Task brief
With every picture left out, restate the listing below exactly as written.

***** Information supplied *****

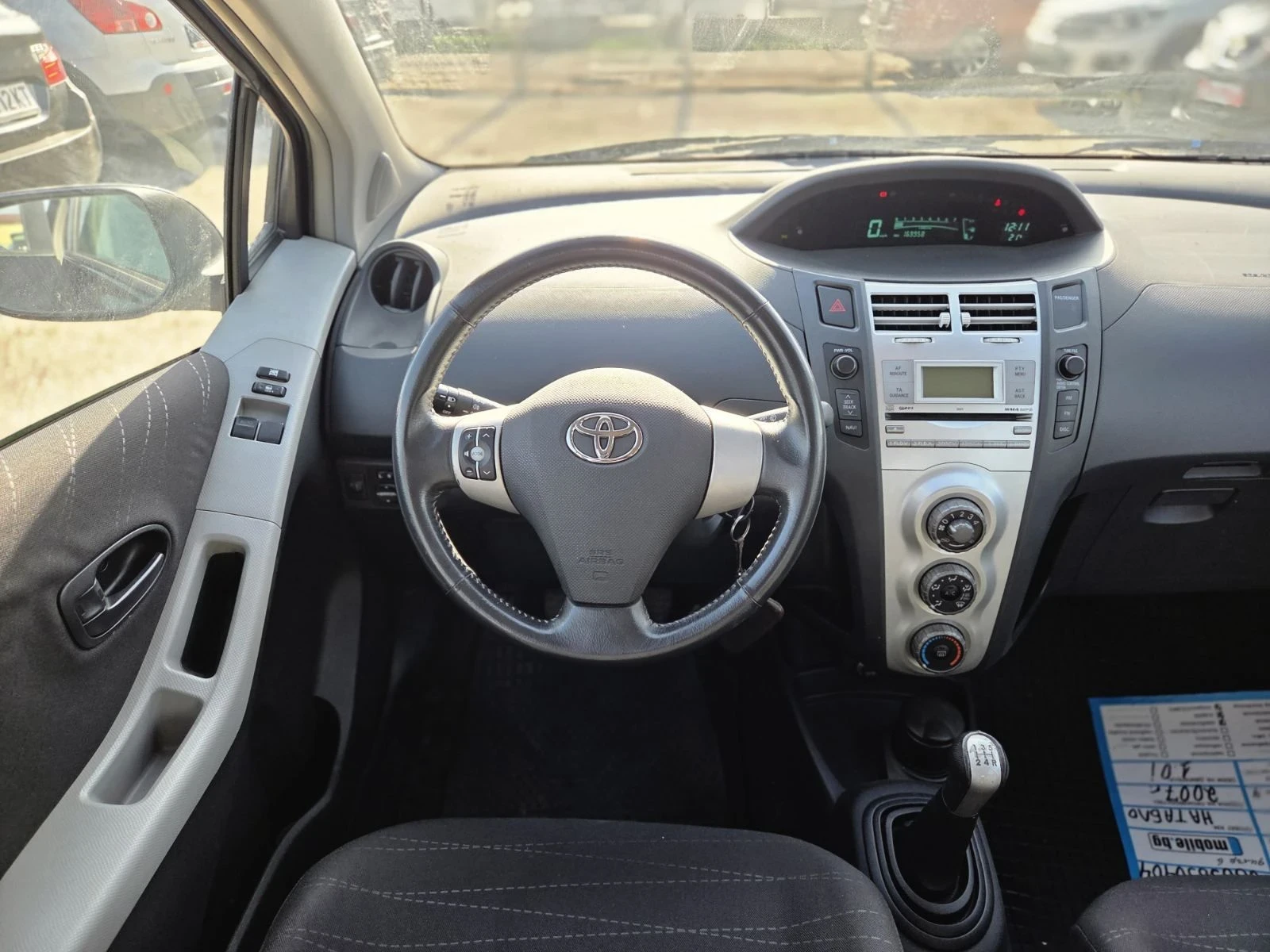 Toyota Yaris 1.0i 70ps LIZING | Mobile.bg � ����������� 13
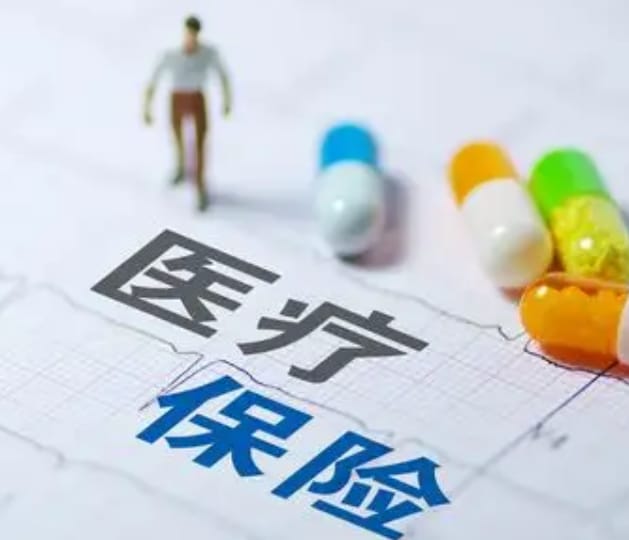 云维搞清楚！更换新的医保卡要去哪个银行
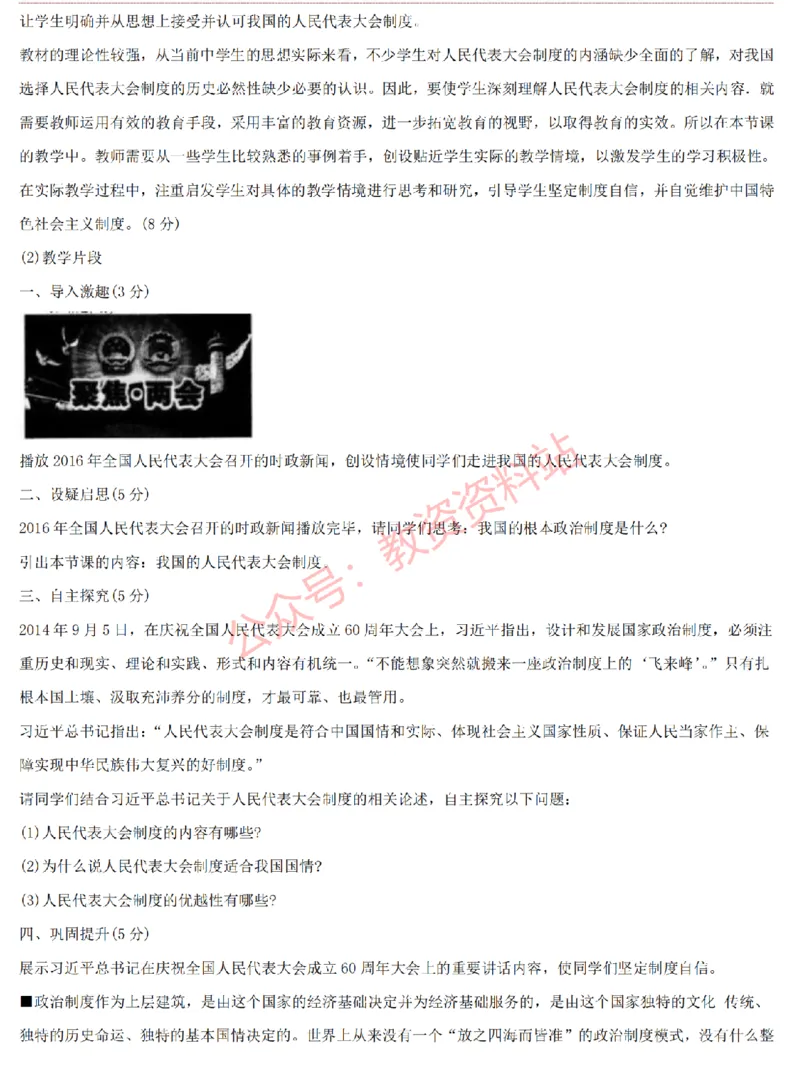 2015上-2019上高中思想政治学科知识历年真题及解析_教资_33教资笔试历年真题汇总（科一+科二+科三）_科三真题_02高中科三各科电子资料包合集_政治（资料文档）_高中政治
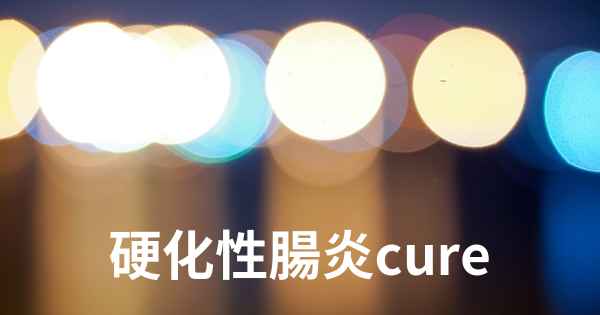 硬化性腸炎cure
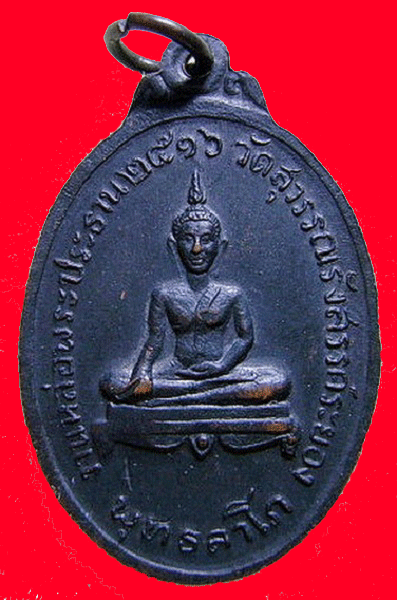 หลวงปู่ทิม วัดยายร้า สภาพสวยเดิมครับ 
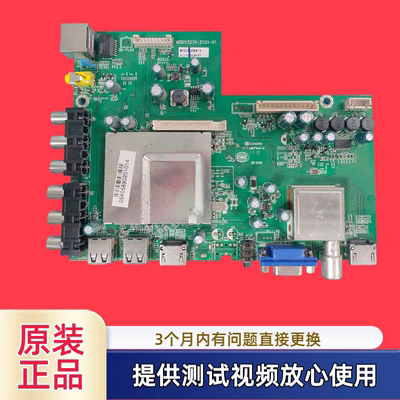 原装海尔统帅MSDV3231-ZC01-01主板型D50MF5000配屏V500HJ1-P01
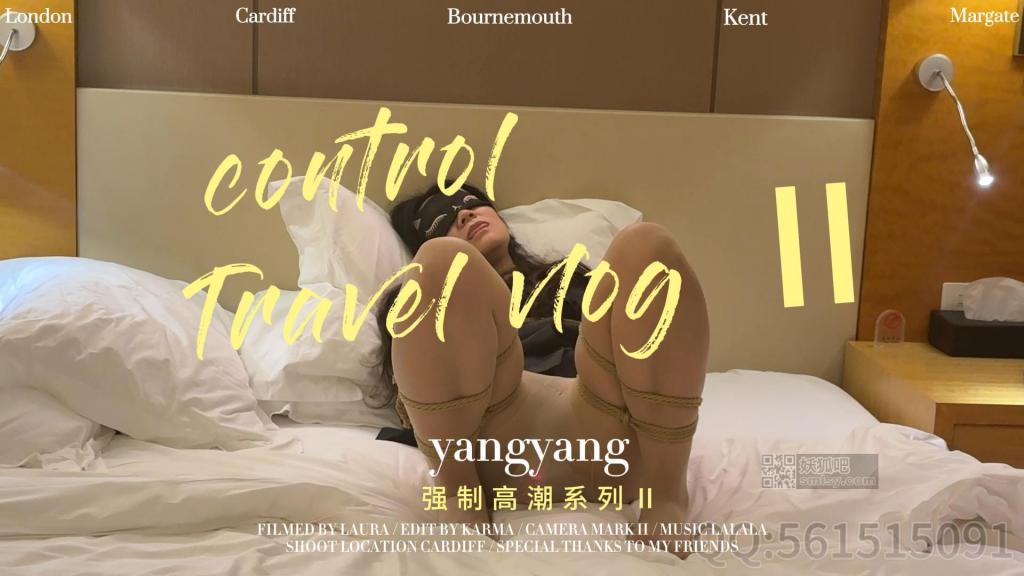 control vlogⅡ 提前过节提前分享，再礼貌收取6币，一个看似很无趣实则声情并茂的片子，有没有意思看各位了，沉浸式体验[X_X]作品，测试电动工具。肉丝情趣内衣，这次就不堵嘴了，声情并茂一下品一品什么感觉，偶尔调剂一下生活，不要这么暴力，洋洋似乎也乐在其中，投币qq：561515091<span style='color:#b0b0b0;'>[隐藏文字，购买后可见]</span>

*****

Written answer
 Toyota Yaris 1.0i 70ps LIZING | Mobile.bg � ����������� 13
 云维搞清楚！更换新的医保卡要去哪个银行
 2015上-2019上高中思想政治学科知识历年真题及解析_教资_33教资笔试历年真题汇总（科一+科二+科三）_科三真题_02高中科三各科电子资料包合集_政治（资料文档）_高中政治
 硬化性腸炎cure
 หลวงปู่ทิม วัดยายร้า สภาพสวยเดิมครับ 
 原装海尔统帅MSDV3231-ZC01-01主板型D50MF5000配屏V500HJ1-P01
 control vlogⅡ 提前过节提前分享，再礼貌收取6币，一个看似很无趣实则声情并茂的片子，有没有意思看各位了，沉浸式体验[X_X]作品，测试电动工具。肉丝情趣内衣，这次就不堵嘴了，声情并茂一下品一品什么感觉，偶尔调剂一下生活，不要这么暴力，洋洋似乎也乐在其中，投币qq：561515091<span style='color:#b0b0b0;'>[隐藏文字，购买后可见]</span>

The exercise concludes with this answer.